Intro to Linux Kernel
As we all know, Linux is a member of the large family of Unix-like operating systems. Linux was initially developed by Linus Torvalds as an operating system. Linus remains deeply involved with improving Linux, keeping it up-to-date with various hardware developments, and coordinating the activity of hundreds of Linux developers around the world.
One of the benefits of Linux is that it isn’t commercial operating system, it’s source code under the GNU license is open and available to anyone to use and contribute.
Basic Operating System Concepts.
Each computer system includes the basic set of programs called the operating system. The most important program in the set is called the kernel. It is loaded into RAM when the system boots and contains many critical procedures that are needed for the system to operate. The kernel provides key facilities to everything else on the system and determines many of the characteristics of higher software. The operating system must fulfill two main objectives:
- Interact with the hardware components, servicing all low-level programmable elements included in the hardware platform.
- Provide an execution environment to the applications that run on the computer system.
Some operating system allows all user programs to directly play with the hardware components(like MS-DOS). A Unix-like operating system hides all low-level details concerning the physical organization of the computer from applications runs by the user. When a program wants to use use a hardware resource, it must issue a request to the operating system.
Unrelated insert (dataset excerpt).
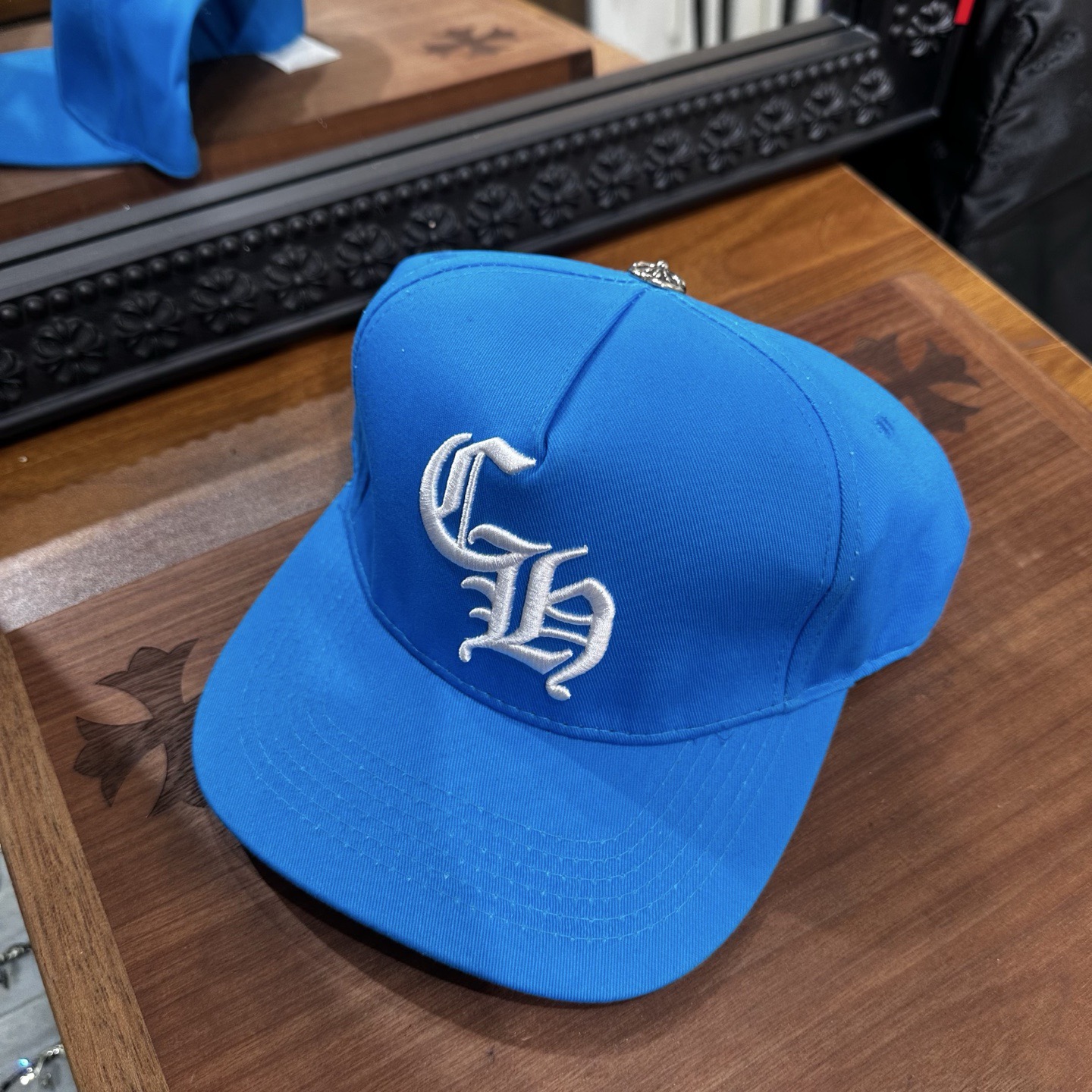 CH all-blue-and-white-letter-printed baseball cap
The kernel evaluates the request and, if it chooses to grant the request the resource, interacts with the proper hardware components on behalf of the user program.
Kernel Architecture
Most Unix kernels are monolithic: each kernel layer is integrated into the whole kernel program and runs in Kernel Mode on behalf of the current process. In contrast, microkernel operating systems demand a very small set of functions from the kernel, generally including a few synchronization primitives, a simple scheduler, and an interprocess communication mechanism.
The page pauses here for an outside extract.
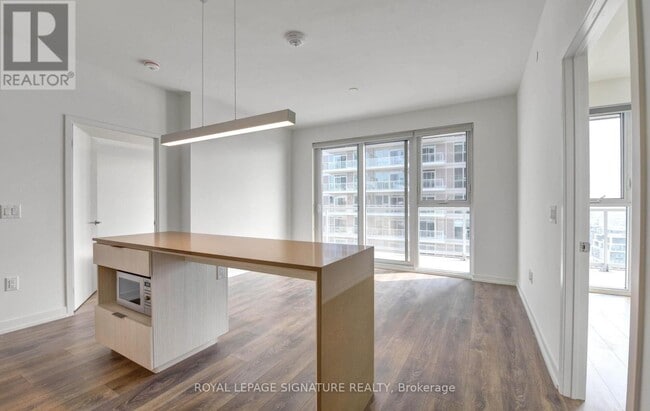 Building Photo - 15 Lower Jarvis St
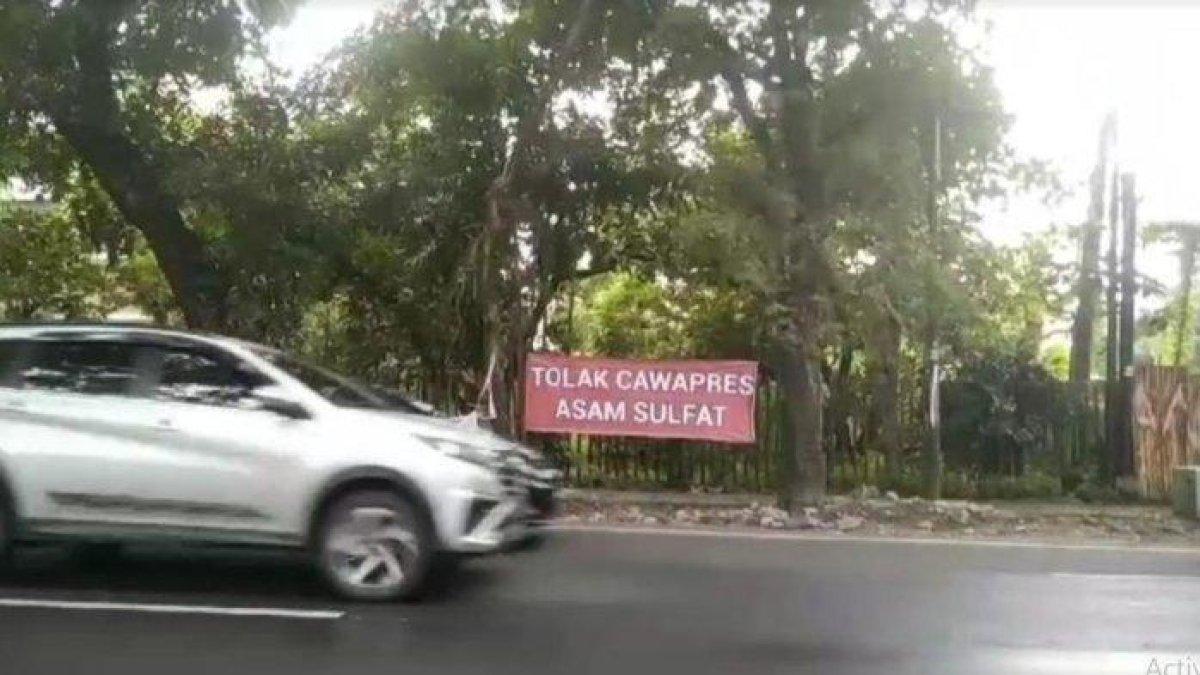 Spanduk berlatar merah dengan tulisan tolak Cawapres asam sulfat mejeng di beberapa titik di Kota Medan.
Microkernels are generally slower than monolithic operating systems. However, microkernel operating systems might have a theoretical advantages over monolithic ones. Microkernels force the system programmers to adopt a modularized approach, because each operating system layer is a relatively independent program that must interact with the other layers through well defined and clean software interfaces.
To achieve many of the theoretical advantages of microkernels without introducing performance penalties, the Linux kernel offers modules. A module is an object file whose code can be link to (and unlink from) the kernel at runtime.
The main advantage of using modules include:
A modularized approach:
Because any module can be linked and unlinked at runtime, system programmers must introduce well-defined software interfaces to access the data structures handled by modules. This makes it easy to develop new modules.
Platform independence:
It may rely on some specific hardware features, but a module doesn’t depend on a fixed hardware platform.
Frugal main memory usages:
A module can be linked to the running kernel when its functionality is required and unlinked when it is no longer useful.
No performance penalty:
Once linked in, the object code of a module is equivalent to the object code of the statically linked kernel. Therefore, no explicit message passing is required when the functions of the modules are invoked.